Working in both political theory and empirical social science, Dryzek is best known for his contributions in the areas of democratic theory and practice and environmental politics. One of the instigators of the 'deliberative turn' in democratic theory, he has published numerous books in this area with Oxford University Press, Cambridge University Press, and Polity Press. His work in environmental politics ranges from green political philosophy to studies of environmental discourses and movements to global climate governance, and he has published five books in this area with Oxford University Press, Cambridge University Press, and Basil Blackwell.

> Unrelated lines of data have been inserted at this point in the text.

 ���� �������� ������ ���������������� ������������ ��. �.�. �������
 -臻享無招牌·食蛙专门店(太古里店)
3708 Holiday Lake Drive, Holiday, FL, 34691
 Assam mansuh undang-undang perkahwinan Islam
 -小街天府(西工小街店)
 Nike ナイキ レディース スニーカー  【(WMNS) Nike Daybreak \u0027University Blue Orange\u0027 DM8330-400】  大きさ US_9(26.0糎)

Dryzek has also worked on comparative studies of democratization, post-positivist public policy analysis, and the history and philosophy of social science. His current research emphasizes global justice, governance in the Anthropocene (where human activity is understood as a major environmental factor), and cultural variety in deliberative practice.

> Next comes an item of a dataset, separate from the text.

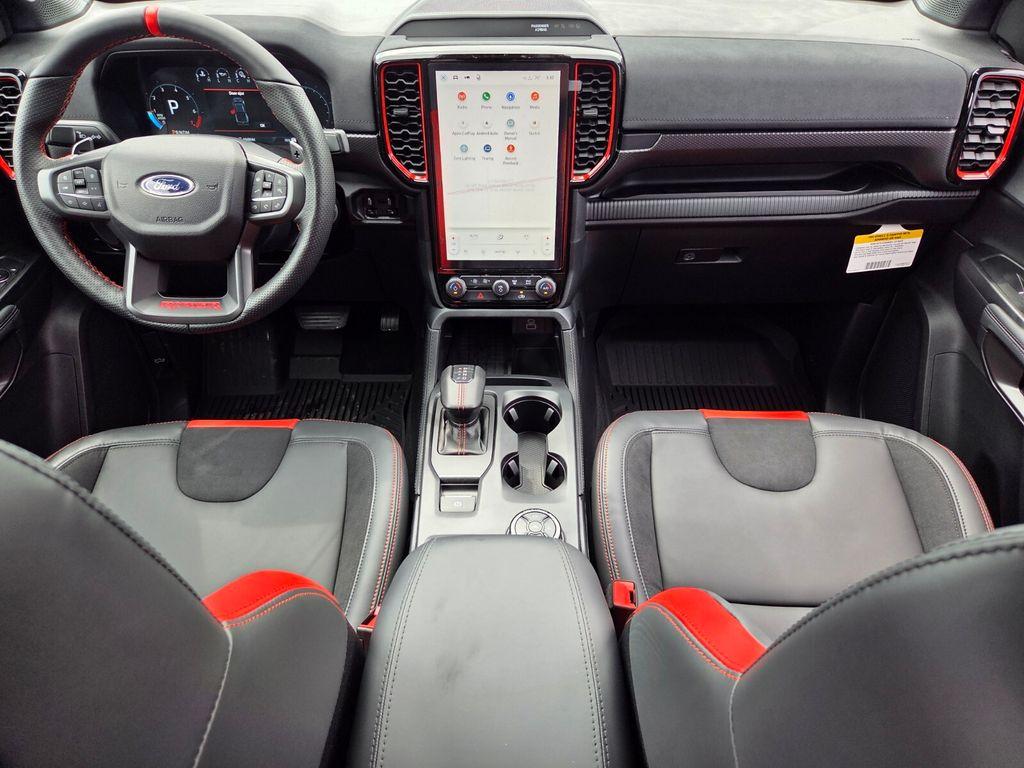 2026 FORD RANGER RAPTOR — миниатюра 14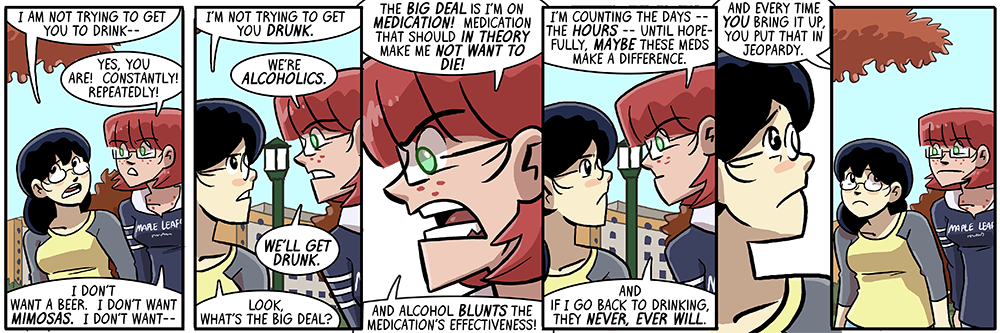 welp time to move on to tide pods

Dryzek has also been influential in the related fields of international relations and international political theory. He was an early proponent of global democracy, helping to develop the concept and illustrating why the exercise of power beyond the nation-state requires democratization. Drawing on his work in deliberative (or discursive) democracy, Dryzek has depicted how contending discourses operate in world politics and the space this opens for reflexivity and democratization. Also in line with previous work, Dryzek has highlighted how highly complex issue areas - notably climate governance - can be democratized through deliberation and public reason. Drawing from his work on deliberation and public reason, Dryzek has argued that many critiques of deliberative democracy can be addressed through greater discursive representation. More generally, Dryzek has undertaken discipline-leading work on global civil society, non-state actors, and representation in world politics.

== Bibliography ==
- Dryzek, John S. (1983). "Conflict And Choice In Resource Management. The Case Of Alaska"
- Dryzek, John S. (1987). "Rational ecology: environment and political economy"

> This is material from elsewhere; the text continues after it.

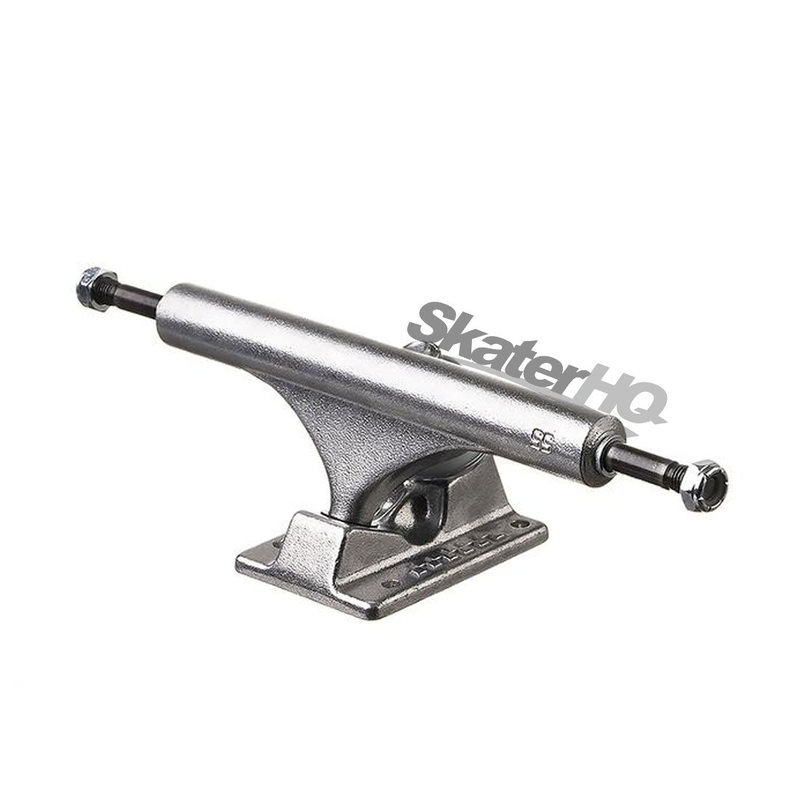 Ace Trucks 55 (6.375) Raw Polished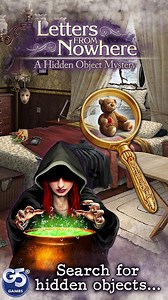 Download and Play Letters From Nowhere on PC (Emulator)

- Dryzek, John S. (1990). Discursive democracy: Politics, Policy, and Political Science. Cambridge: Cambridge University Press.
- Dryzek, John S. (1990). "Discursive democracy: Politics, policy, and political science."
- Dryzek, John S. (1996). "Democracy in capitalist times: ideals, limits, and struggles"
- Dryzek, John S. (2005). "The politics of the earth: environmental discourses"
- Dryzek, John S. (2000). "Deliberative democracy and beyond: liberals, critics, contestations"
- Dryzek, John S. (2008). "The Oxford handbook of political theory"
- Dryzek, John S. (2009). "Theories of the democratic state"
- Dryzek, John S. (2011). "The Oxford Handbook of Climate Change and Society"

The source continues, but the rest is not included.